I was reading something yesterday that struck me as interesting. It was about a far right fringe group I hadn't heard of before, by the name of "Nativists." This faction is described by the author as anti-immigrant, afraid about seeing "the American way of life threatened with ruination by the hordes of immigrant poor," those "flooding into the country, bringing with them their ignorance" and their heathen religion. In one town, an angry mob of followers had attacked an immigrant's house of worship, burning it to the ground.
Stories like this are always so despicable to me, not just for the obvious reasons of being against the human spirit and decency, but in part too because it always seem to hide behind the cloak of the purity of Original Americanism. Supposedly being the Real Patriots. When in fact it's against most everything patriotic that America stands for.
“We hold these truths to be self-evident, that all men are created equal.”
“Send these, the homeless, tempest-tost to me, I lift my lamp beside the golden door.”
“The home of the free, the land of the brave.”
I suspect that there are some on the far right who will nod approvingly at what concerns the Nativists, perhaps not supporting their violent actions, though perhaps so, since we've seen burnings of the Koran and efforts trying to suppress irrational concerns of Sharia law.

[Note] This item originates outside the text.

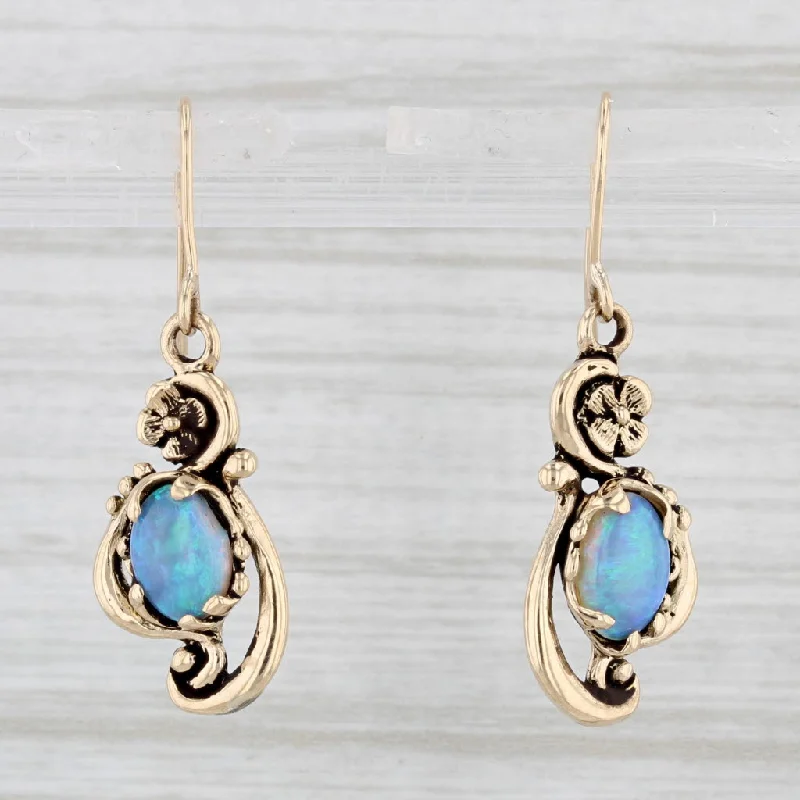 women's earrings with silver-plated finish -Vintage Floral Blue Opal Dangle Earrings 14k Yellow Gold Hook Posts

But while those who think the goals and efforts are, at the very least, understandable, it's important to note that I left something out of the story.

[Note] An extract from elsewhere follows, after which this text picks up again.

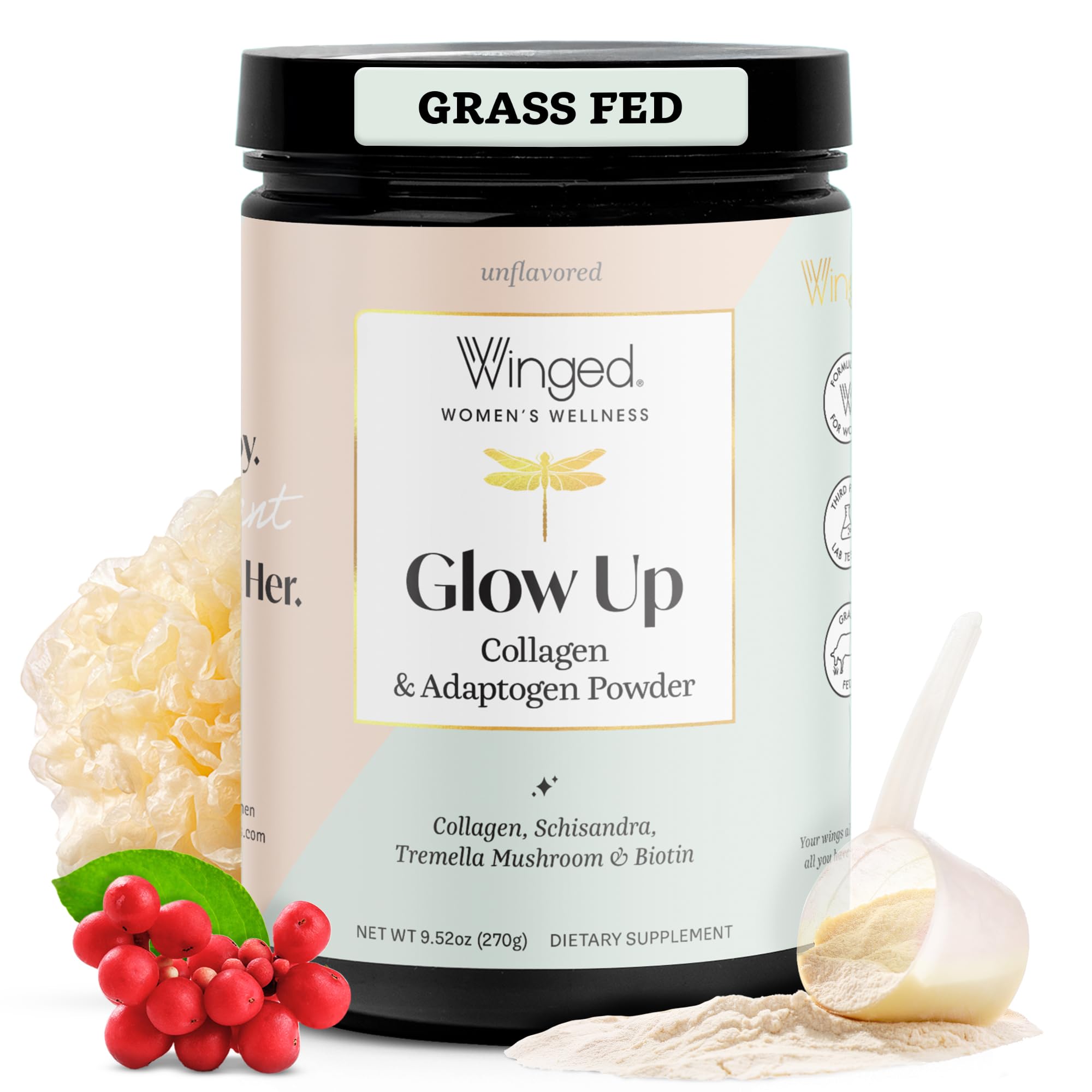 Winged Wellness Glow Up, Collagen Powder for Women, 25 Servings | Unflavored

The passage doesn't come from a newspaper, but rather David McCullough's book, The Greater Journey: Americans in Paris, and it concerns a movement in the United States in 1840. Moreover, who the immigrants were and what the religion was are not precisely what you might have presumed. The ignorant, immigrant hordes the Nativists were referring to who they said threatened the ruination of America were the Irish, Italians and Germans, and the hated "Romish" religion was the Catholic Church.
As George Santayana famously wrote, "Those who cannot remember the past are condemned to repeat it."
For those who never quite knew or believed what he was referring to -- there you have the explanation.
Or as I not-famously at all write, it's so much easier to demean others and stir up hatred out of pure hatred of your own or fear or racism or ignorance when you don't realize that that the very same arguments you're using against others are demeaning those who you support, if not you yourself.
By the way, lest anyone suggest that the comparisons aren't apt since, after all, it was those of the Muslim faith who actually attacked the U.S., I merely grab hold of that pesky history bag and remind of our fighting Germany in World War I, and both Germany and Italy in World War II. Those wars might be "after the fact," but in today's parlance that would make the immigrants of the 1840 "sleeper cells."
Of course, the only war the United States fought with Mexico was when the we took Texas from them. Other than that, it's been a pretty peaceful co-existence with bordering neighbors.
Anyway, the next time you hear someone on the far right outraged at ignorant immigrants, the poor, and with unfamiliar religions, just remember you might have heard that song before. And before. And before. And...
Some people happily remember the song though -- it's like that nagging tune you hear on the clock-radio when you wake up and can't get it out of your head -- and have learned how to deal with others unfamiliar to them and live in peace. While others are condemned to repeat themselves and live in their own gut-wrenching, small-minded, thoughtless angst -- trying to keep churning up hatred in others, all the while wrapped up in a mean-spirited, fake American flag pin of faux-patriotic imagery, whether as Nativists, America First, the Tea Party, FreedomWorks, or the always safe standby, just plain, old "Real Americans."
As John Prine wrote, “Your flag decal won’t get you into heaven anymore.”
P.S. If Mexico would like to take Texas back, it's okay with me.
Robert J. Elisberg is a political commentator, screenwriter, novelist, tech writer and also some other things that I just tend to keep forgetting.